The Tangle of Tradition

 God Rest ye merry gentlemen, let nothing ye dismay---



Things are so nuts right now that we struggle this Christmas season to find rest and be merry, let alone be gentlemen, but I sit here right now looking at my decorated tree and I find myself delighted at how silly, how quirky, and how charming are our Christmas traditions – I’m willing to part with none of them.  How fun to think of a visiting – say -- Martian trying to make sense of a society that, in the dead of winter, cuts down millions of small trees, sets them up in our homes, and covers them with all manner of, well, of junk.



As the only girl in a family of five children I was often disappointed in our Christmas trees – all festooned with pasty construction paper chains, hanks of tinsel, and tiny bells made by sticky-fingered little boys out of foil milk-bottle caps. I yearned for something stylish and sparkly. Though my grown-up tree has never come in contact with library paste, it’s far from trendy. I am of the tasteless belief that there’s no such thing as too many ornaments, so my tree is laden with everything from Fostoria crystal snowflakes to 10-year-old candy canes.  From where I sit right now I can see a square-ish reindeer with 3 glittered trees growing out of his back, a crocheted white angel, a pewter teapot, a bread-dough doll, some brass horns, a knit Santa, a ballerina…. See how confused a Martian anthropologist would be?

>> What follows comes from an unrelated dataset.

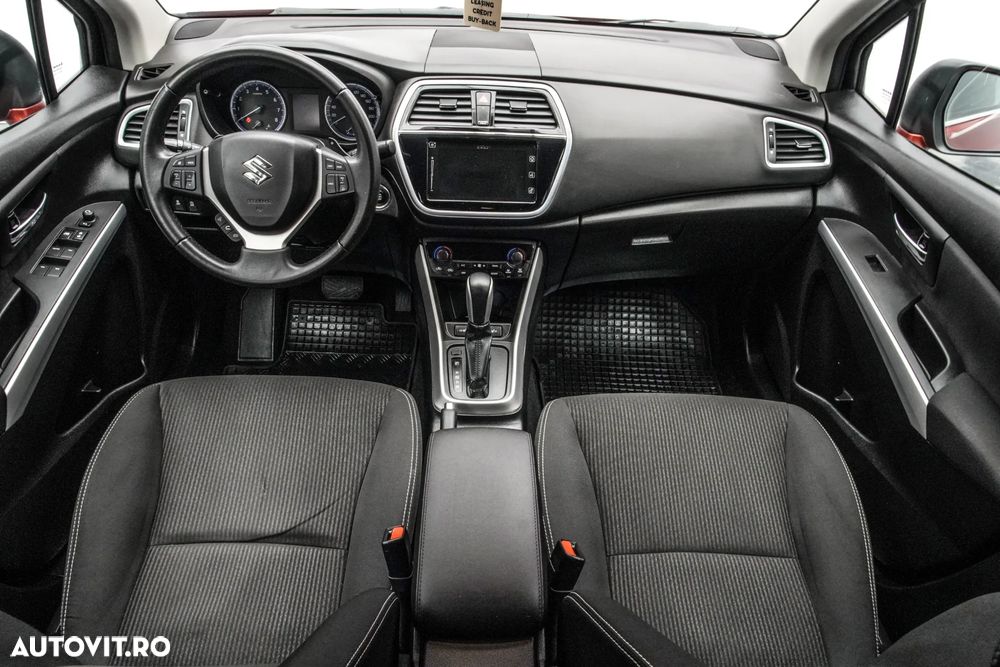 Suzuki SX4 S-Cross 1.0 Boosterjet Automatik Comfort - 7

My tree, I confess, is a plastic facsimile; in fact we were among the first to own a petroleum by-product tree. Not strictly traditional, but it has saved my marriage and my sanity. My dear husband has always been a gentle Scrooge – “Bah! Humbug!” he’d exclaim at the idea of paying good money for a dead tree, for a tree dry enough to drop needles all over the carpet, dry enough to burn down the house. The grousing stopped when in the late 60’s I spent $25 on a fake tree. I could put it up myself, no need at all to ruffle his crabby feathers. We’re on Tree G-3 now and I adore it.



My perfectly shaped, synthetic tree has, for ages, been topped by a stuffed reindeer, which looks disturbingly like a camel, and carries a load of presents on his back. His limbs wrap around the leader and his facial expression makes it clear that he’s sure he’s falling. He has no symbolic significance – I just find his “How did I get up here?” look amusing and he reminds me of the time I told my 4-year-old, geeky grandson to listen for Santa and his reindeer. Ben put his hands on his little hips and shook his head. “Gravity, Nana. Gravity?” My tree deer is worried about that, too.

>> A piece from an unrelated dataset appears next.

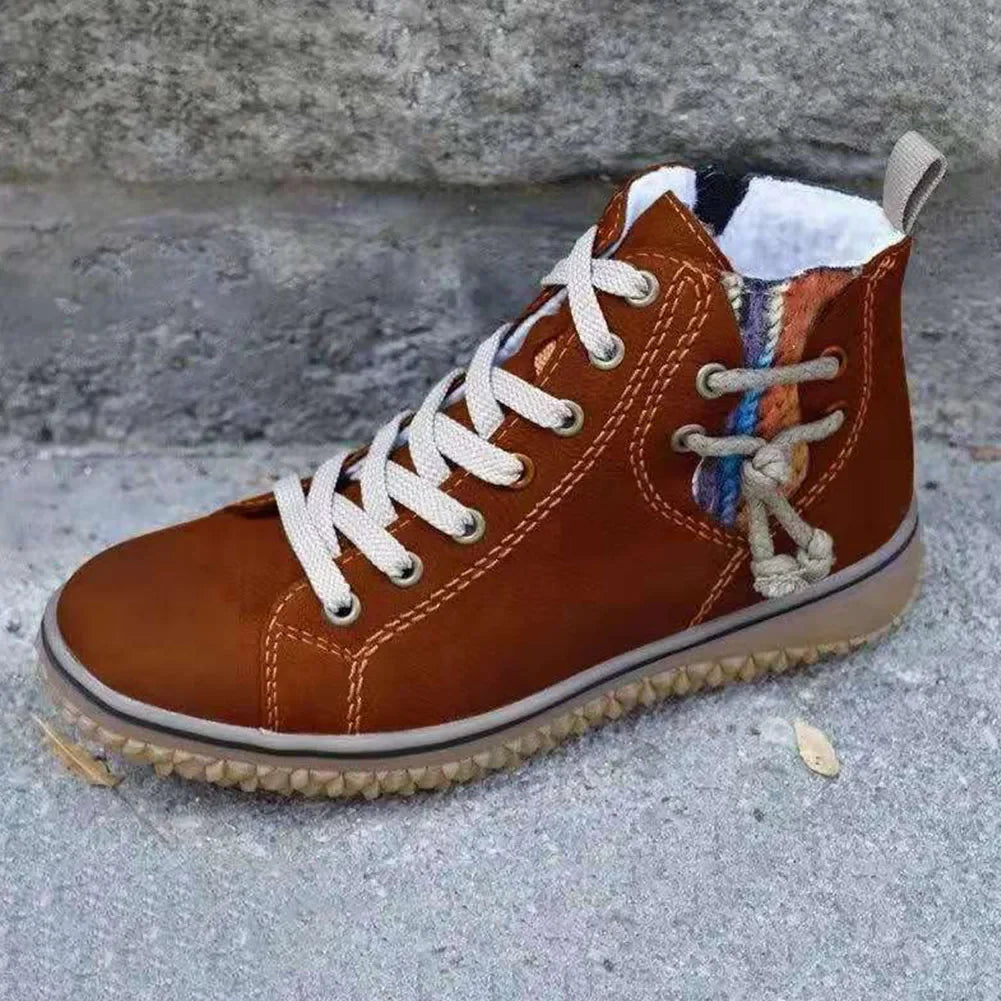 Casual and Supportive Orthopedic Boots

Besides the tree, I also love my snowmen. Ages ago I made them out of gourds – one of the dozens of hobbies to which I am unfaithful. The five snowmen gather annually and flirt with each other – Levi and Guinevere have had a thing going from the beginning, and Herkimer still looks like someone just goosed him – Hermione, I suppose; she appears to be having a private giggle.  Henry, who is 2 feet tall, just beams; he’s a merry gentleman, even if no one else is.



And what’s Christmas without my row of hand-painted Victorian houses (another abandoned hobby)? I can imagine the tiny inhabitants “hanging their stockings by the chimney with care in hopes that St. Nicholas soon would be there. ”  Speaking of cultural phenomena that would confuse the Martians -- how would they connect that to the porcelain nativity scene by the front door?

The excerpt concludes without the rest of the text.